Brazilein modified zinc oxide nanorods with enhanced visible light-responsive photocatalytic efficiency

Authors

  • Montri AIEMPANAKIT Department of Physics, Faculty of Science, Silpakorn University, Nakhon Pathom, 73000, Thailand
  • Penpicha SUDJAI Department of Chemistry, Faculty of Science, Silpakorn University, Nakhon Pathom, 73000, Thailand
  • Kittiyaporn SINGSUMPHAN Department of Physics, Faculty of Science, Silpakorn University, Nakhon Pathom, 73000, Thailand
  • Sakchai LAKSEE Nuclear Technology Research and Development Center, Thailand Institute of Nuclear Technology (Public Organization), Nakhon Nayok, 26120, Thailand
  • Cheewita SUWANCHAWALIT Nuclear Technology Research and Development Center, Thailand Institute of Nuclear Technology (Public Organization), Nakhon Nayok, 26120, Thailand

DOI:

https://doi.org/10.55713/jmmm.v32i2.1255

Keywords:

ZnO, Brazilein modified ZnO, Impregnation method, Visible light-responsive photocatalyst, Degradation of indigo carmine

Abstract

Photocatalytic efficiency of ZnO nanorods has been investigated with respect to the concentration of brazilein.
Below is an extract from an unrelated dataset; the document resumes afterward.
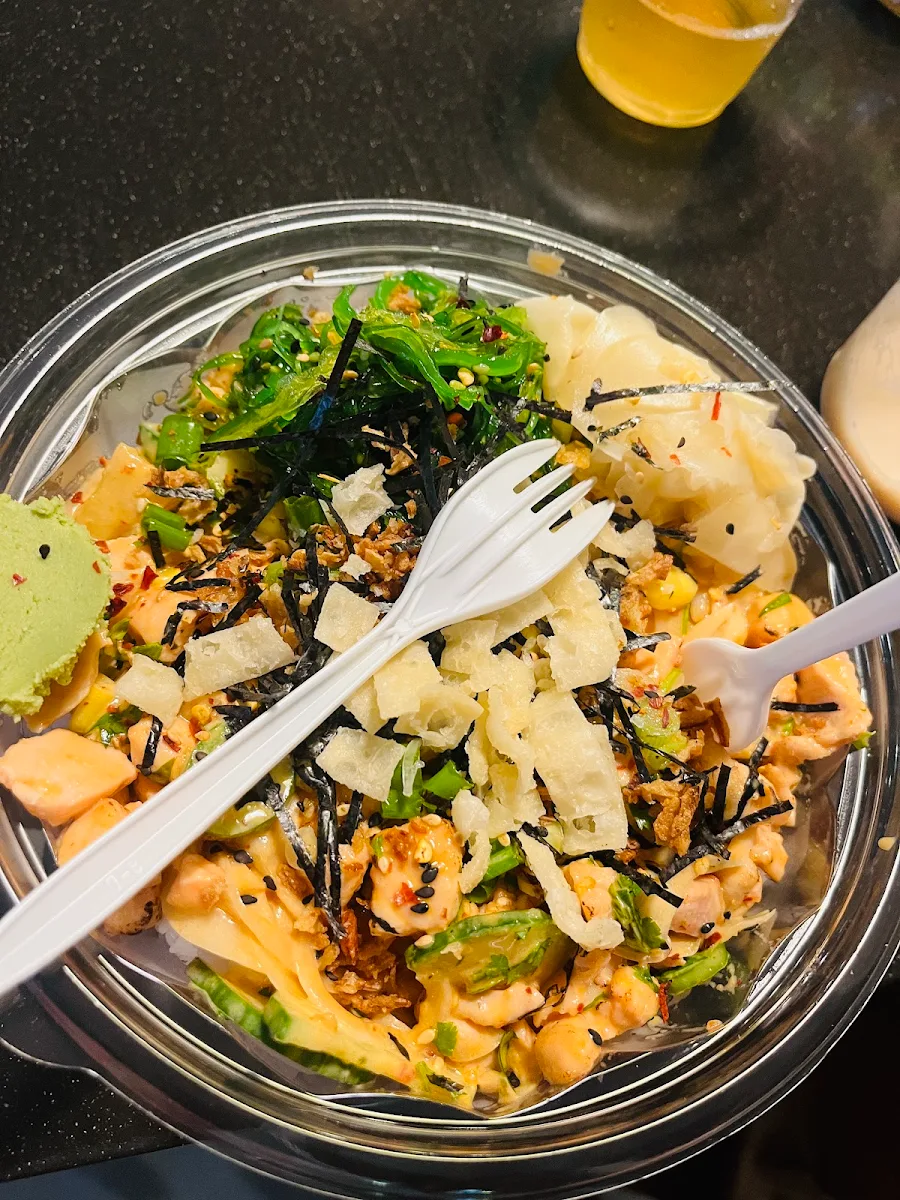 Salmon Poke Bowl with Toppings, Pokeworks TheWell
Brazilein modified ZnO nanorods were prepared by an impregnation process with 1.0%w/v, 2.5%w/v, and 5.0%w/v of brazilein solution.  In order to correlate the variation in concentration distributions and photocatalytic performance, the phase composition, optical properties, and photo-catalytic activities of brazilein modified ZnO nanorods prepared with different brazilein concentrations have been investigated and compared to an unmodified ZnO nanorods. The photocatalytic properties were measured in terms of indigo carmine degradation under visible light irradiation. It was found that ZnO nanorods with the highest visible light-responsive photocatalytic efficiency were achieved by the modification of 5.0%w/v of brazilein resulting in indigo carmine degraded faster than the case of unmodified ZnO nanorod about 60% within 5 h.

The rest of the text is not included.